Forecasting the USA temperature and precipitation tendency for 2014

Where we are this calendar year

Currently, the USA as a whole and the Southeastern USA are both cooler than normal this year 2014-02-12-YearTDeptUS and precipitation is slightly below average for the Eastern USA, above average for Colorado-Wyoming-Idaho, and well below average for the Southwestern USA. 2014-02-12-YearPNormUS

Where we are right now

Thinking about the upcoming year in weather while in the midst of a crippling snow/ice storm in the Carolinas (discussion via #NWSGSP, over 2,000 outages by end of 12 Feb 2014 mostly in Lancaster, Greenville, and Pickens Counties in SC, and Macon and Caswell Counties in NC*, flights cancelled, Rayleigh-Durham turning into a parking lot like Atlanta only two weeks ago, etc.) is the perfect time to test whether you can separate a trend from variability (teach me, dog walker).

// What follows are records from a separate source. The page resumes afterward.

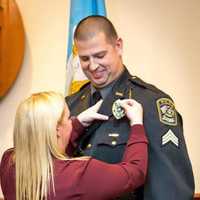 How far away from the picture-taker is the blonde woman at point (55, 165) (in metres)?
1.23

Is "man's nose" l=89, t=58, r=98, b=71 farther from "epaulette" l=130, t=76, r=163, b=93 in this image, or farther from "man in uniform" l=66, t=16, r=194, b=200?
"epaulette" l=130, t=76, r=163, b=93

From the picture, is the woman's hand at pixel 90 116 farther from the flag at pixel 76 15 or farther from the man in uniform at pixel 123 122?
the flag at pixel 76 15

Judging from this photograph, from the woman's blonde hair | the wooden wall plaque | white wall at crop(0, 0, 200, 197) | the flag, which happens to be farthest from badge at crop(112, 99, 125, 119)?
the wooden wall plaque

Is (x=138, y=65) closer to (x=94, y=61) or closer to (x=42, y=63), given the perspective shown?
(x=42, y=63)

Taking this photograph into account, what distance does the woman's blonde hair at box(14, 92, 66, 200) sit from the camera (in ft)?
4.14

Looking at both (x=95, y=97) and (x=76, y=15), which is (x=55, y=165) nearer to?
(x=95, y=97)

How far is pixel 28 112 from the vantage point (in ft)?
4.25

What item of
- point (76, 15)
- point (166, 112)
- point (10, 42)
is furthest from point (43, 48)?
point (166, 112)

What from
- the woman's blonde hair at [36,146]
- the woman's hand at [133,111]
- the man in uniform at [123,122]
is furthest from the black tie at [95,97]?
the woman's blonde hair at [36,146]

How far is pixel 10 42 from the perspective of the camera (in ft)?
8.28

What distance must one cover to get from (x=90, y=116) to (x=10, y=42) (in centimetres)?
116

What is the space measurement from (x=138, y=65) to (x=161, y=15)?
318mm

*updated on 13 Feb 2014 midday is 36,400 outages; more than 14,000 in Mecklenburg, 4000 in Cabarrus, 2700 in Gaston, 1600 in Rowan, 1300 in Lincoln, and 1100 in Durham County, NC. About 5000 in Lancaster and 2900 in Chester County, SC. Wow. Second band of snow falling in North Mecklenburg dropped maybe another 6″ on the 5-6″ we had yesterday. Double wow. Snow and ice totals should be impressive after the analysis is complete.

Trend, variability, and perception

The temptation is that your opinion is tempered by what you are currently experiencing. The old and boring argument that “Hey, it’s cold. What’s up with global warming?” The short-story (pun intended) is that weather is always variable, and the #SEStorm snow and ice storm is no exception.

What is the trend? Globally, it’s simple. Temperature is increasing (NASA GISS, UK Met Office CRU, NOAA NCDC). For the USA, and states within the USA, it’s less simple. Variability in the weather tends to average out less and less over smaller and smaller spatial scales. What does this mean? The ups and downs we expect from weather like our February snow/ice storm and the preceding week with beautiful warm temperatures become less and less noticeable at larger spatial scales because while North Carolina might be down in temperature, somewhere else on Earth is certainly up on temperature. They average out unless there is an overriding trend, like the trend imposed by increases in greenhouse gases. That’s why the global temperature trend is so important. If something is making the entire Earth warm above what is considered a range of natural variability, then some very powerful mechanism is at work.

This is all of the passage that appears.